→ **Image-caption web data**
• • • • • • •

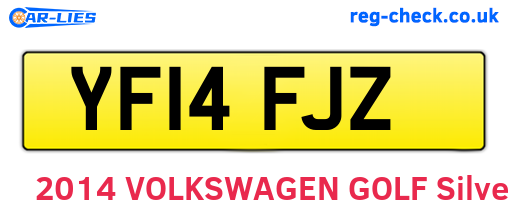 YF14FJZ are the vehicle registration plates.
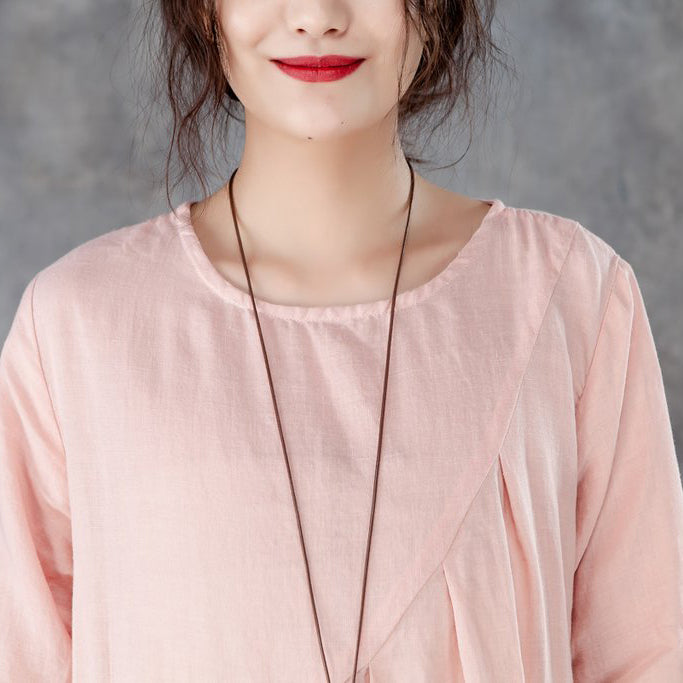 New Long Linen Dress Loose Fitting Linen Round Neck Three Quarter Sleeve Green Pleated Dress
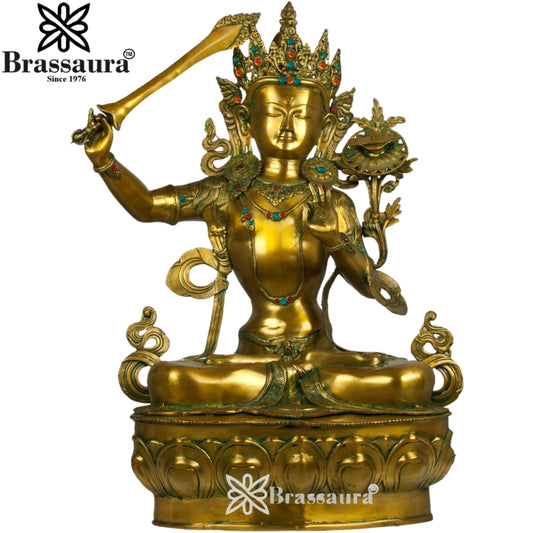 Brass Gem Stone Work Tara Weight 44 Kg & Height 39 Inch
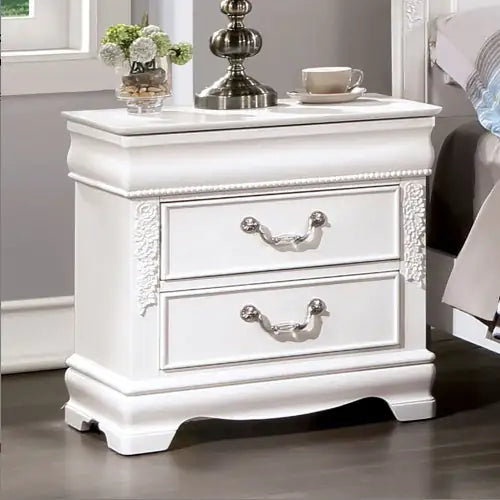 Classic White Color 1pc Nightstand Bedroom Furniture Solid Wood Nickel Hanging Pulls 2-Drawers Bedside Table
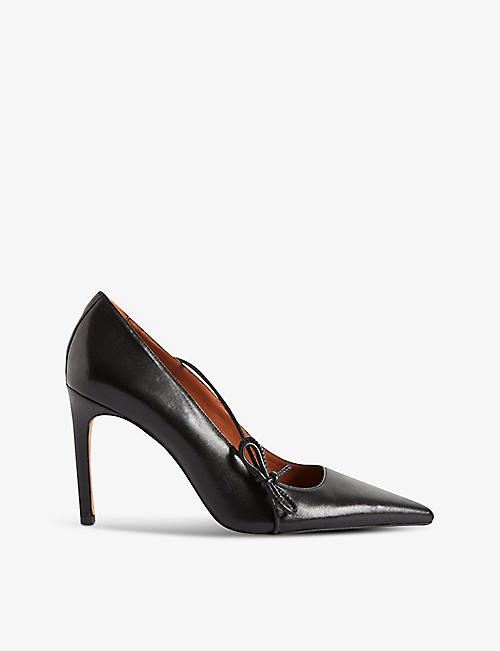 CLAUDIE PIERLOT: Bow asymmetric-strap lamb-leather court heels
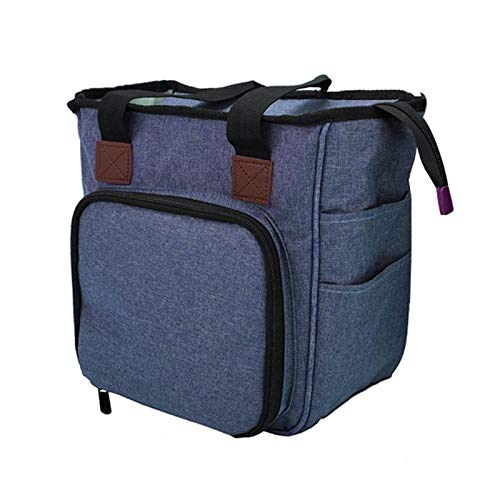TopHomer (Blau) Tasche zum Stricken, tragbarer Garn-Organizer zum Transport von Projekten, Häkelnadeln und Stricknadeln von TopHomer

• • • • • • •

For the data above, return an exact copy that contains no pictures.

→ **Answer section**
 YF14FJZ are the vehicle registration plates.
 New Long Linen Dress Loose Fitting Linen Round Neck Three Quarter Sleeve Green Pleated Dress
 Brass Gem Stone Work Tara Weight 44 Kg & Height 39 Inch
 Classic White Color 1pc Nightstand Bedroom Furniture Solid Wood Nickel Hanging Pulls 2-Drawers Bedside Table
 CLAUDIE PIERLOT: Bow asymmetric-strap lamb-leather court heels
TopHomer (Blau) Tasche zum Stricken, tragbarer Garn-Organizer zum Transport von Projekten, Häkelnadeln und Stricknadeln von TopHomer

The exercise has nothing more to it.